Pictures stay out of the copy; set down each line of the listing below exactly.

Provided data ▸
-.-.-

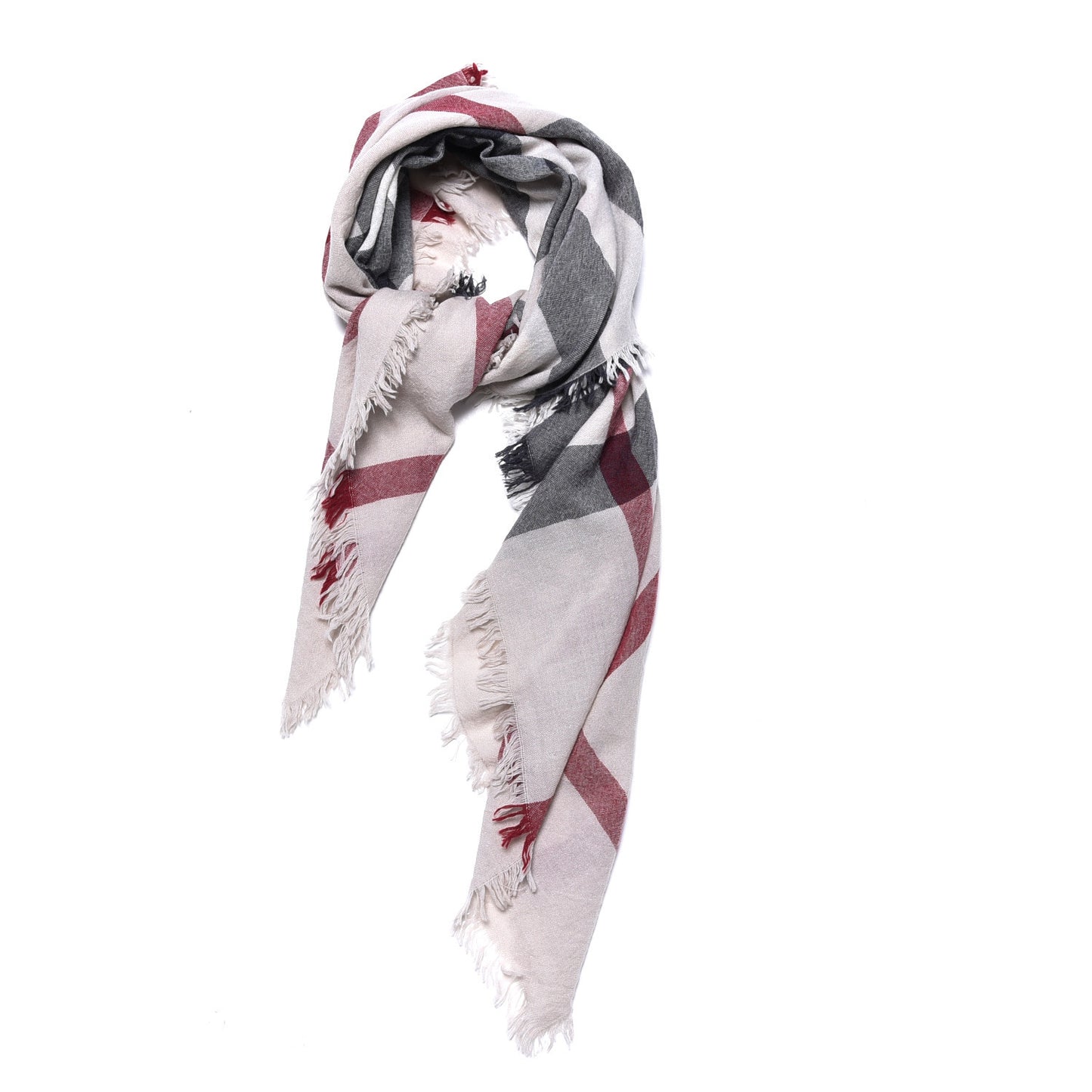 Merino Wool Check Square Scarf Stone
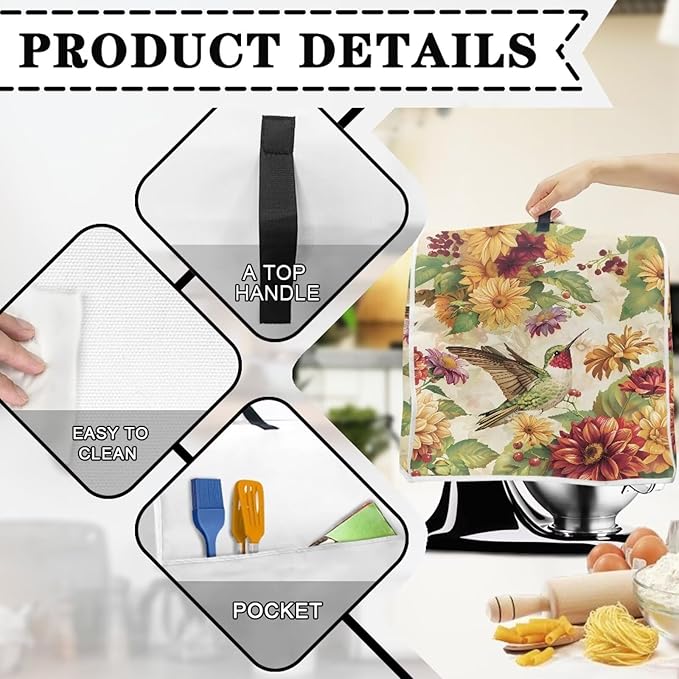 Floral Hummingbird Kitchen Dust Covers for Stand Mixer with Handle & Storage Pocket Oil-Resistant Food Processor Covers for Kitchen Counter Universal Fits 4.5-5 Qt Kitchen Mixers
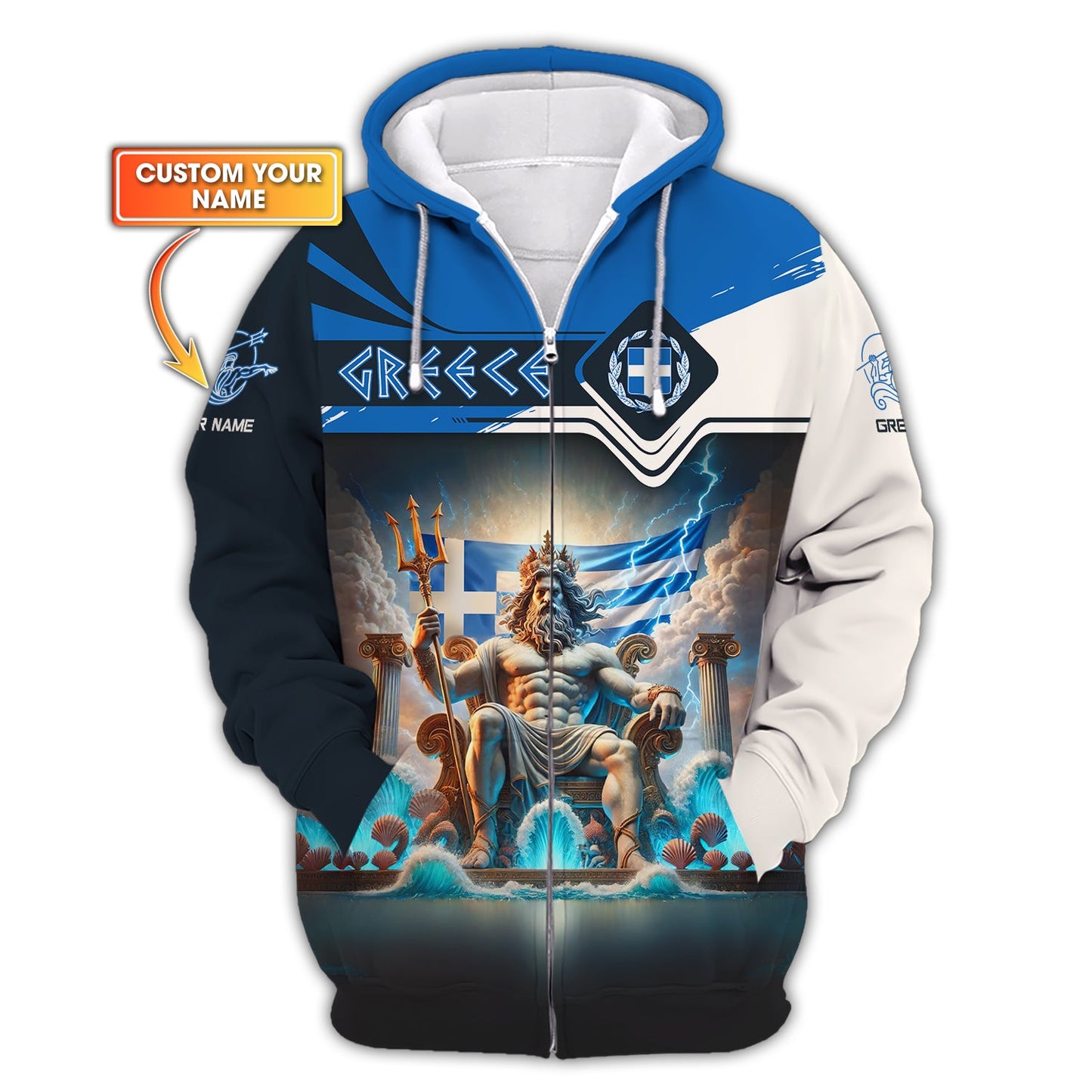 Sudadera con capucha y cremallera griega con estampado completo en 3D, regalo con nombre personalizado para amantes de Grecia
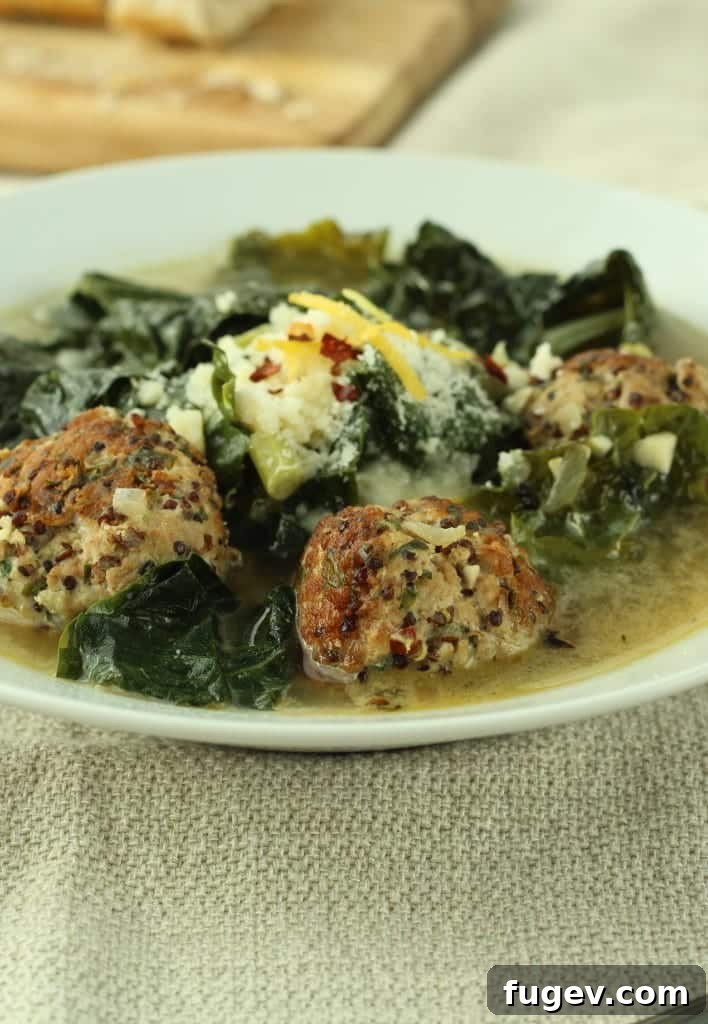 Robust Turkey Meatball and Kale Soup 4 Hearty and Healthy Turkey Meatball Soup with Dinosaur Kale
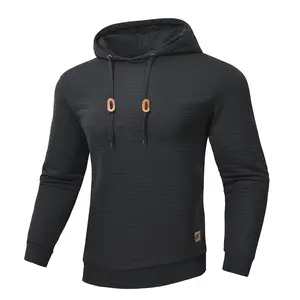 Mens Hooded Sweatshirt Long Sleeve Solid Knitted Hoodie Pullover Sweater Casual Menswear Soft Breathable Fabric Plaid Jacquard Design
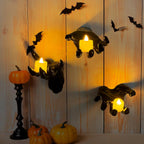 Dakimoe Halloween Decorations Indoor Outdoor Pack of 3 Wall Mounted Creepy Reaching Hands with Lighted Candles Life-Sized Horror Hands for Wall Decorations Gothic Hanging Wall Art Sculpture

-.-.-

Result of the task ▸
 Merino Wool Check Square Scarf Stone
 Floral Hummingbird Kitchen Dust Covers for Stand Mixer with Handle & Storage Pocket Oil-Resistant Food Processor Covers for Kitchen Counter Universal Fits 4.5-5 Qt Kitchen Mixers
 Sudadera con capucha y cremallera griega con estampado completo en 3D, regalo con nombre personalizado para amantes de Grecia
 Robust Turkey Meatball and Kale Soup 4 Hearty and Healthy Turkey Meatball Soup with Dinosaur Kale
 Mens Hooded Sweatshirt Long Sleeve Solid Knitted Hoodie Pullover Sweater Casual Menswear Soft Breathable Fabric Plaid Jacquard Design
 Dakimoe Halloween Decorations Indoor Outdoor Pack of 3 Wall Mounted Creepy Reaching Hands with Lighted Candles Life-Sized Horror Hands for Wall Decorations Gothic Hanging Wall Art Sculpture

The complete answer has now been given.